**** Data extract ****
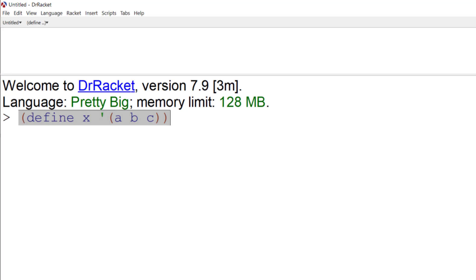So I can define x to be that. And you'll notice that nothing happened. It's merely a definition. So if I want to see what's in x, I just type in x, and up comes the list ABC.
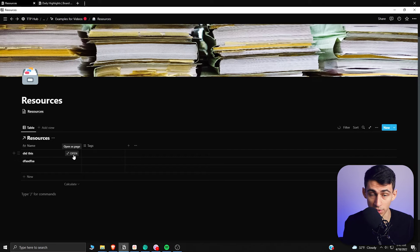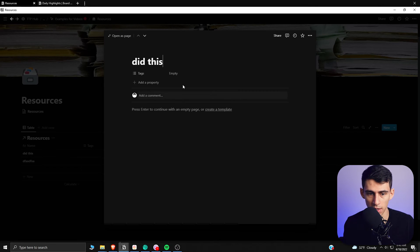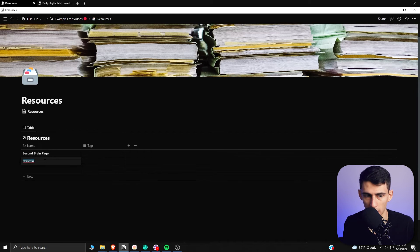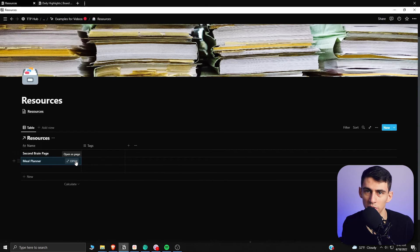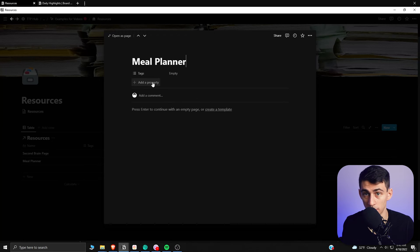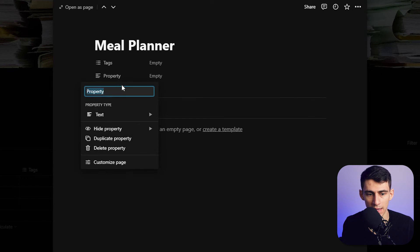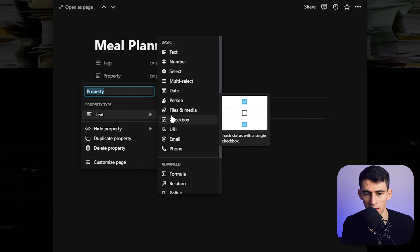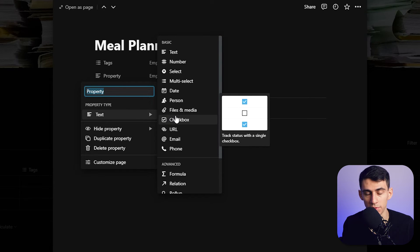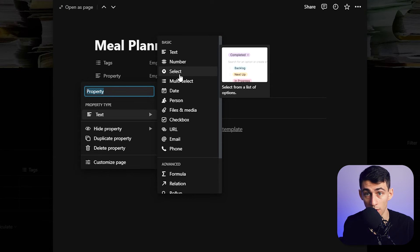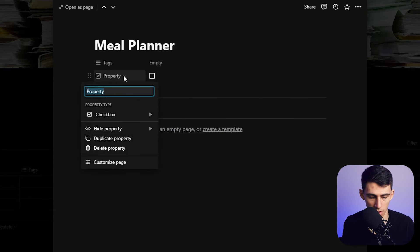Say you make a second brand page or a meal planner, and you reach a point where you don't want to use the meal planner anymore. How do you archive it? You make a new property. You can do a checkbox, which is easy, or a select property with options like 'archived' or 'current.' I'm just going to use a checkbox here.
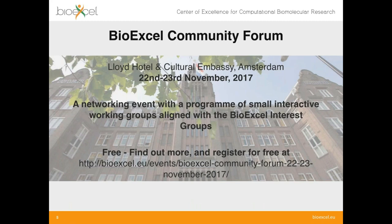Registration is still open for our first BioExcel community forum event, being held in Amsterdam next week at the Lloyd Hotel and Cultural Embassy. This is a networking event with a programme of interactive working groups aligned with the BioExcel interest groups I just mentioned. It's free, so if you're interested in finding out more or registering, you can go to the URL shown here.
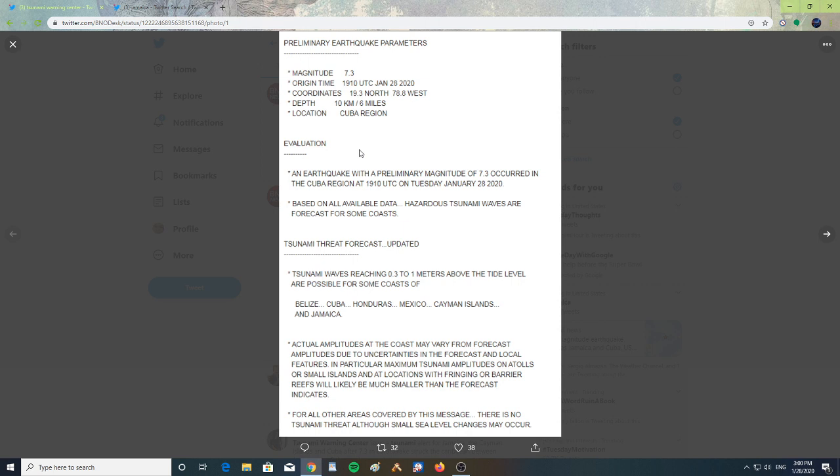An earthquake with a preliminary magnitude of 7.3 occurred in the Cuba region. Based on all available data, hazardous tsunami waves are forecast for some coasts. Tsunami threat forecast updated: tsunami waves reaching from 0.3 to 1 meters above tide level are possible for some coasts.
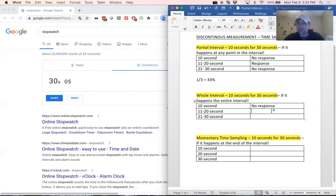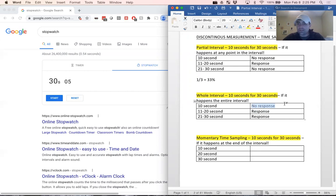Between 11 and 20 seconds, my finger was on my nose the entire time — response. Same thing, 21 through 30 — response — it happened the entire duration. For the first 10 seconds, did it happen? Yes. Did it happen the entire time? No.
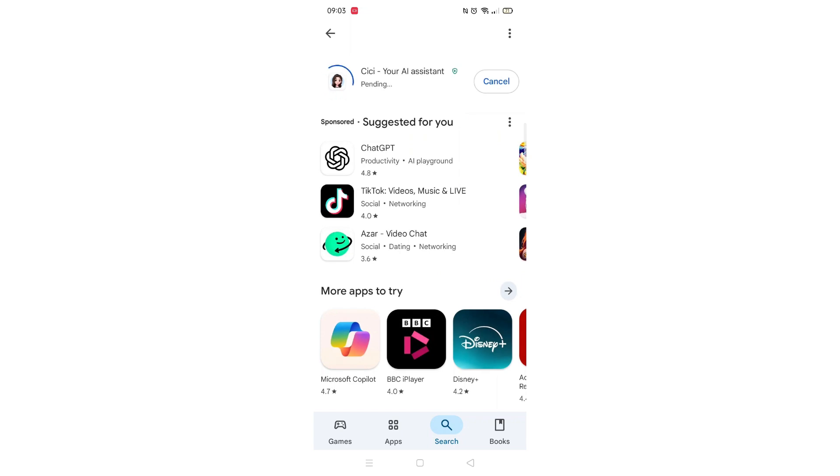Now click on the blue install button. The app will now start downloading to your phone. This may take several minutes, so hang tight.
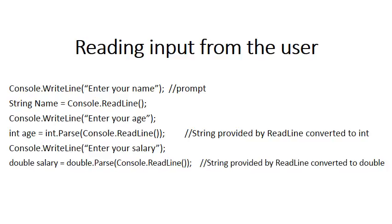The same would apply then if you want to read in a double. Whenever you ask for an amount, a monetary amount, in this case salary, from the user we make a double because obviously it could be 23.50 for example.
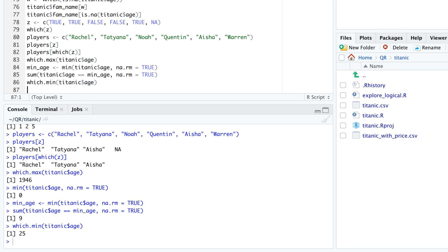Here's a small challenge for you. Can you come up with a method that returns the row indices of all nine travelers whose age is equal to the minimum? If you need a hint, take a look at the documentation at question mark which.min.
****
• _Problem requirements_
Please transcribe every entry above exactly, leaving out any pictures.

• _Response area_
So I can define x to be that. And you'll notice that nothing happened. It's merely a definition. So if I want to see what's in x, I just type in x, and up comes the list ABC.
Say you make a second brand page or a meal planner, and you reach a point where you don't want to use the meal planner anymore. How do you archive it? You make a new property. You can do a checkbox, which is easy, or a select property with options like 'archived' or 'current.' I'm just going to use a checkbox here.
Registration is still open for our first BioExcel community forum event, being held in Amsterdam next week at the Lloyd Hotel and Cultural Embassy. This is a networking event with a programme of interactive working groups aligned with the BioExcel interest groups I just mentioned. It's free, so if you're interested in finding out more or registering, you can go to the URL shown here.
An earthquake with a preliminary magnitude of 7.3 occurred in the Cuba region. Based on all available data, hazardous tsunami waves are forecast for some coasts. Tsunami threat forecast updated: tsunami waves reaching from 0.3 to 1 meters above tide level are possible for some coasts.
Between 11 and 20 seconds, my finger was on my nose the entire time — response. Same thing, 21 through 30 — response — it happened the entire duration. For the first 10 seconds, did it happen? Yes. Did it happen the entire time? No.
Now click on the blue install button. The app will now start downloading to your phone. This may take several minutes, so hang tight.
The same would apply then if you want to read in a double. Whenever you ask for an amount, a monetary amount, in this case salary, from the user we make a double because obviously it could be 23.50 for example.
Here's a small challenge for you. Can you come up with a method that returns the row indices of all nine travelers whose age is equal to the minimum? If you need a hint, take a look at the documentation at question mark which.min.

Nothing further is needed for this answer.